Divisional HR and payroll platforms: Ensuring 100 per cent accuracy in payroll inputs could ensure near-perfect payroll outputs. While there are several other factors that contribute to overall payroll accuracy, payroll inputs play a critical role in the overall process. With HR contributing to around 90 per cent of the payroll inputs, it is essential that organisations streamline and automate their payroll input gathering process.
Organisations that have already invested in a global or regional HRIS will need to work towards integrating their HR platform to their payroll solution to ensure seamless flow of information as opposed to periodic updates being fed into the payroll solution.
Lack of automation for payroll processing: Even today, there are organisations that continue to compute payroll through spreadsheets, however, this is unsustainable in the long run. On the flip-side, having a payroll platform that is integrated into the organisation’s local HRIS and other ancillary HR modules like time and absence, will help automate tedious processes like payroll input gathering across all sources org-wide. An automated payroll process will help increase process efficiency and accuracy while providing significant room for sustainable growth as organisations continue their expansion journey.
Lack of a GLO-CAL approach: While an organisation could be global in nature, it is nevertheless important that their approach to addressing payroll requirements needs to be at a local level.
Local language support: Not every country in the world has English as its preferred language. Having payslips, payroll-related documentation and employee support in a preferred local language will go a long way towards heightening employee satisfaction and overall payroll governance.
Compliance on the ground: Staying on top of changes in local payroll compliance is a critical part of the overall payroll process. The years 2020 and 2021 saw numerous changes in local payroll tax laws and local benefits to help support salaried employees. Payroll practitioners the world over had to remain vigilant to ensure they abided by them.

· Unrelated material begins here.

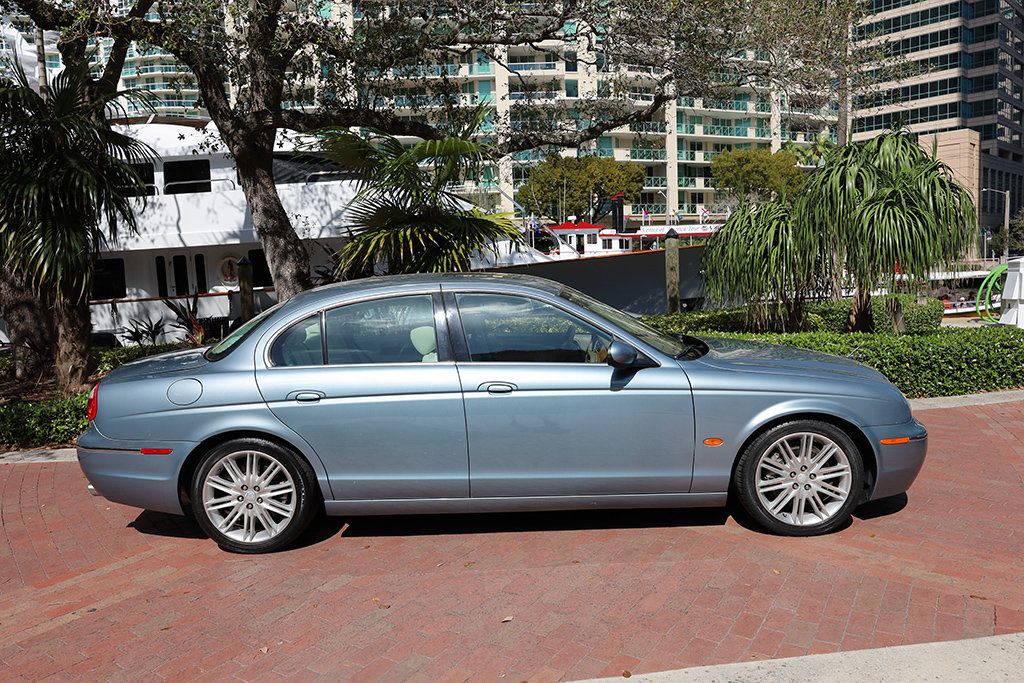 2006 Jaguar S-Type 4dr Sedan 3.0 - 22991968 - 52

Accuracy in disbursing global payments: The challenges of global payroll do not always end with payroll processing; ensuring accuracy disbursement is equally key. For global payroll disbursement, compliance with local laws is paramount. Having a fully automated unified solution will help payroll teams refrain from initiating multi-channel payments for each country. Payments to tax authorities, social security and other benefits providers can be made seamless.
Now, more than ever, businesses are looking for ways to survive and thrive, organisations the world over will continue to expand their geographic borders therefore it is of critical importance for payroll teams to take adequate steps to combat the challenges that could arise from cross-border payroll.